> Directions: When you copy the material below, keep every line exact and leave each picture out.

> Dataset:
· · ·
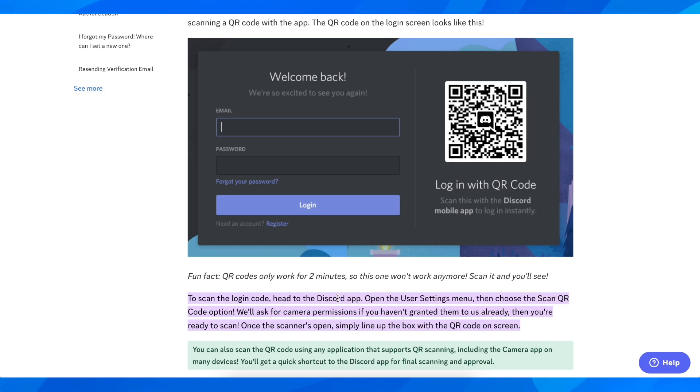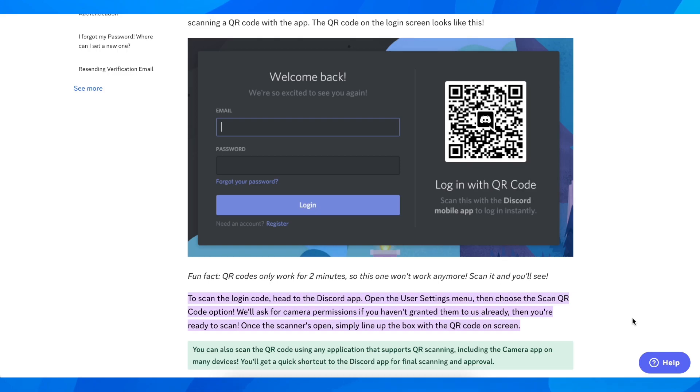for camera permissions, and then you'll simply scan the QR code on your screen. That's how you can log into Discord with QR code. I really hope you found this video helpful.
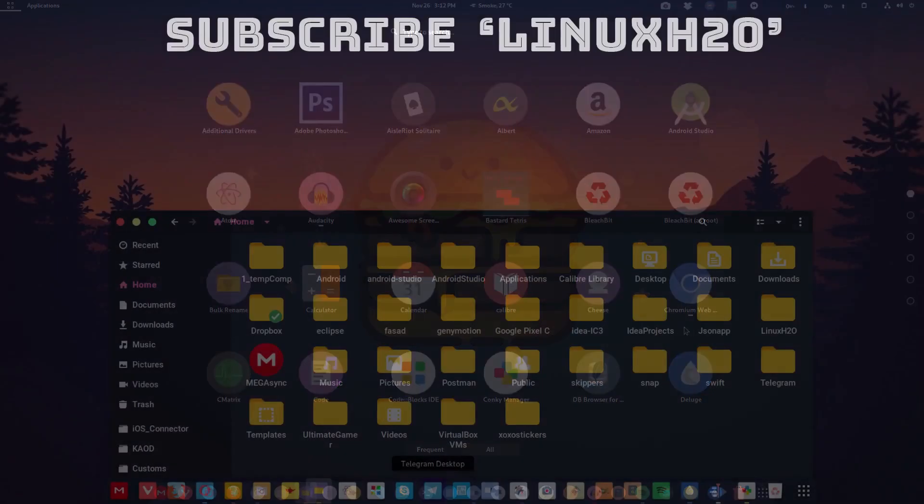So this was it in this list of five best icon packs available to Linux. If I missed anyone, let me know in the comment section below. I will surely add that icon pack in the description. Till then, take care and keep enjoying Linux.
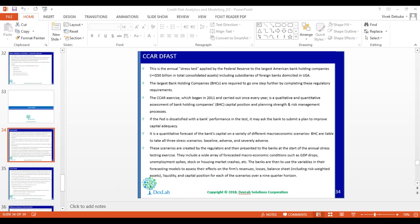CCAR and DFAST are a qualitative and quantitative assessment of bank holding companies' capital position, and they help banks plan and strengthen their risk management process. When in 2013 a bank failed the test, they had to resubmit their complete capital and DPC plan again to the central bank. It's a huge blow for any bank when the Federal Reserve says that your methods of running your business are not good.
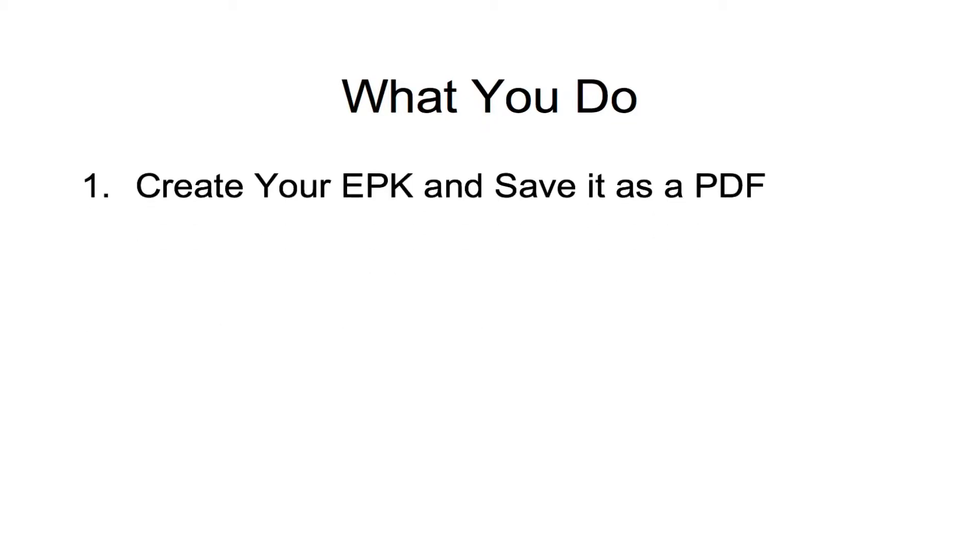Now it's really just a simple four step process. The first step, what you want to do is create your electronic press kit and save it as a PDF. Now this is kind of beyond the scope of this tutorial, I'm not going to talk about how to create a PDF, but one thing I will mention is that a lot of people use Microsoft Word to create it and then save it as a PDF.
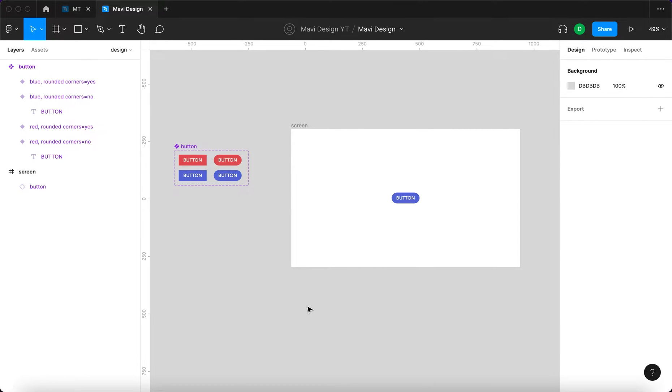After watching this video, you'll understand how to set up and use Figma components with variants.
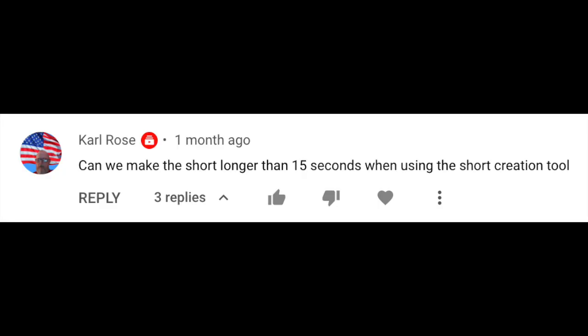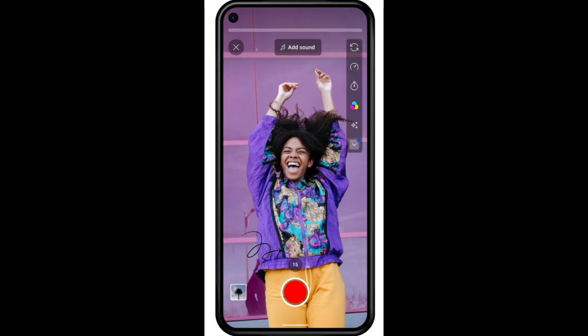Now let's jump into your questions. Apologies if I mispronounce your name in advance. The first question is from Carl Rose who asks: can we make our short longer than 15 seconds when using the shorts creation tools? The answer is yes. To make your short longer than 15 seconds, tap the number 15 icon above the recording button to change the length to 60 seconds.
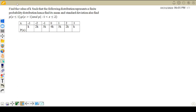Find the value of K such that the following distribution represents a finite probability distribution, and hence find mean and standard deviation. Also find the probability of x less than or equal to 1, probability of x greater than 1, and probability of x lies between minus 1 and 2. It's a very simple example.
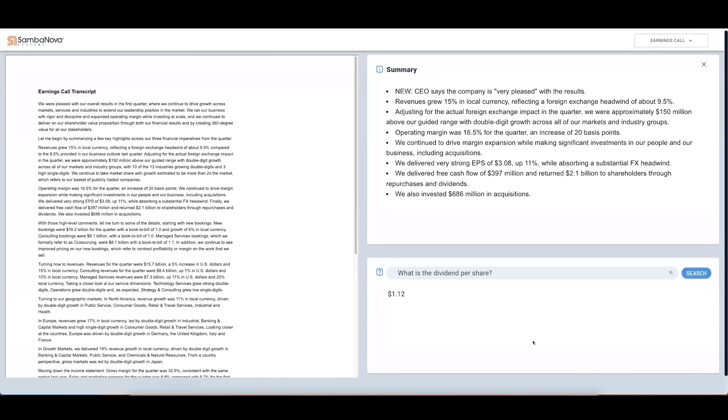To recap, we just saw how enterprises can unlock insights trapped in long, complex documents containing free-form language in ways that were not possible until now, with SambaNova Generative AI for the enterprise.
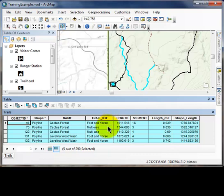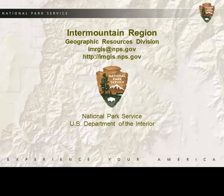Of those five trails, we have foot, horse, and multi-use categories. So we have been able to answer our question as to what types of trail use are available within one mile of the visitor center, without creating any new datasets or changing any data — just using our selection by location with a selected target layer and buffer. Thank you for watching the Select By Location video. We'll see you in the next video.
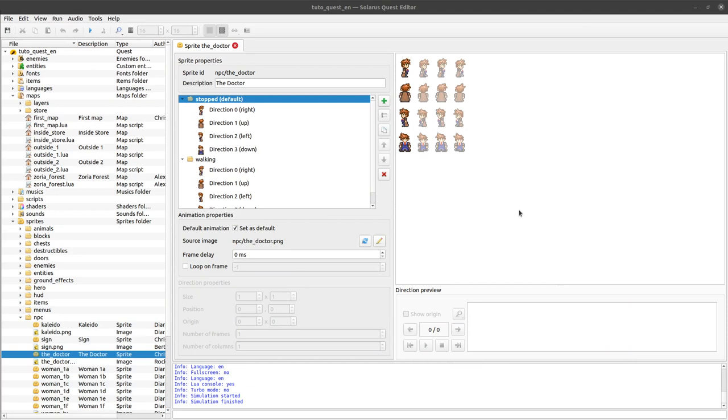My friends, welcome to this tutorial about creating games with Solaris. Today, I will introduce the sprite editor.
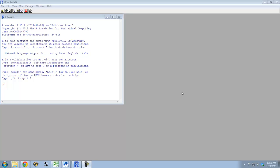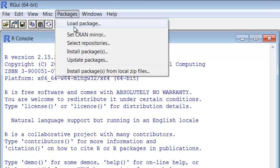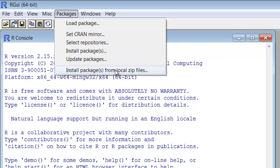it's pretty easy to install the package. You just want to go to packages, install from local zip file. Makes sense.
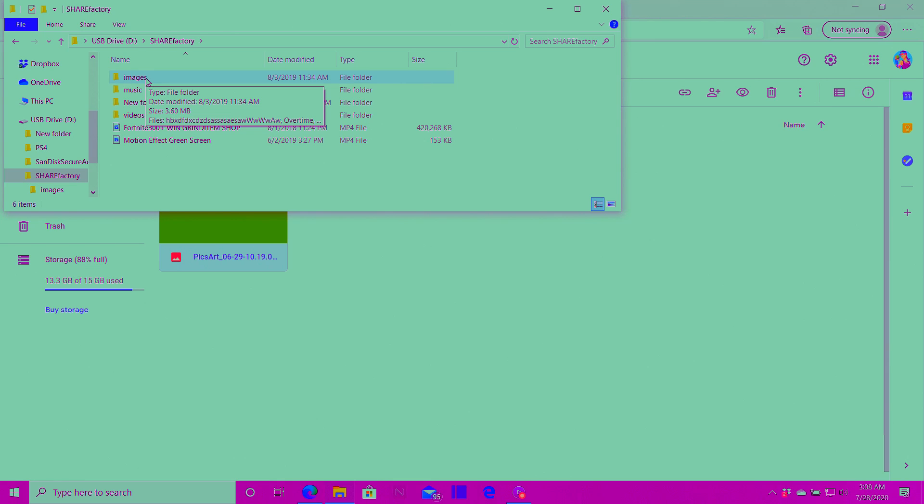And yeah the computer part is done. Sorry if the computer part has a weird tint or whatever. My Elgato freaks out when I'm on my computer. But yeah anyways we are officially done with the computer part which is basically the hard part. Now all we got to do is hop in ShareFactory and actually do screen replacement.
· · ·
> Response to this exercise:
for camera permissions, and then you'll simply scan the QR code on your screen. That's how you can log into Discord with QR code. I really hope you found this video helpful.
So this was it in this list of five best icon packs available to Linux. If I missed anyone, let me know in the comment section below. I will surely add that icon pack in the description. Till then, take care and keep enjoying Linux.
CCAR and DFAST are a qualitative and quantitative assessment of bank holding companies' capital position, and they help banks plan and strengthen their risk management process. When in 2013 a bank failed the test, they had to resubmit their complete capital and DPC plan again to the central bank. It's a huge blow for any bank when the Federal Reserve says that your methods of running your business are not good.
Now it's really just a simple four step process. The first step, what you want to do is create your electronic press kit and save it as a PDF. Now this is kind of beyond the scope of this tutorial, I'm not going to talk about how to create a PDF, but one thing I will mention is that a lot of people use Microsoft Word to create it and then save it as a PDF.
After watching this video, you'll understand how to set up and use Figma components with variants.
Now let's jump into your questions. Apologies if I mispronounce your name in advance. The first question is from Carl Rose who asks: can we make our short longer than 15 seconds when using the shorts creation tools? The answer is yes. To make your short longer than 15 seconds, tap the number 15 icon above the recording button to change the length to 60 seconds.
Find the value of K such that the following distribution represents a finite probability distribution, and hence find mean and standard deviation. Also find the probability of x less than or equal to 1, probability of x greater than 1, and probability of x lies between minus 1 and 2. It's a very simple example.
To recap, we just saw how enterprises can unlock insights trapped in long, complex documents containing free-form language in ways that were not possible until now, with SambaNova Generative AI for the enterprise.
Of those five trails, we have foot, horse, and multi-use categories. So we have been able to answer our question as to what types of trail use are available within one mile of the visitor center, without creating any new datasets or changing any data — just using our selection by location with a selected target layer and buffer. Thank you for watching the Select By Location video. We'll see you in the next video.
My friends, welcome to this tutorial about creating games with Solaris. Today, I will introduce the sprite editor.
it's pretty easy to install the package. You just want to go to packages, install from local zip file. Makes sense.
And yeah the computer part is done. Sorry if the computer part has a weird tint or whatever. My Elgato freaks out when I'm on my computer. But yeah anyways we are officially done with the computer part which is basically the hard part. Now all we got to do is hop in ShareFactory and actually do screen replacement.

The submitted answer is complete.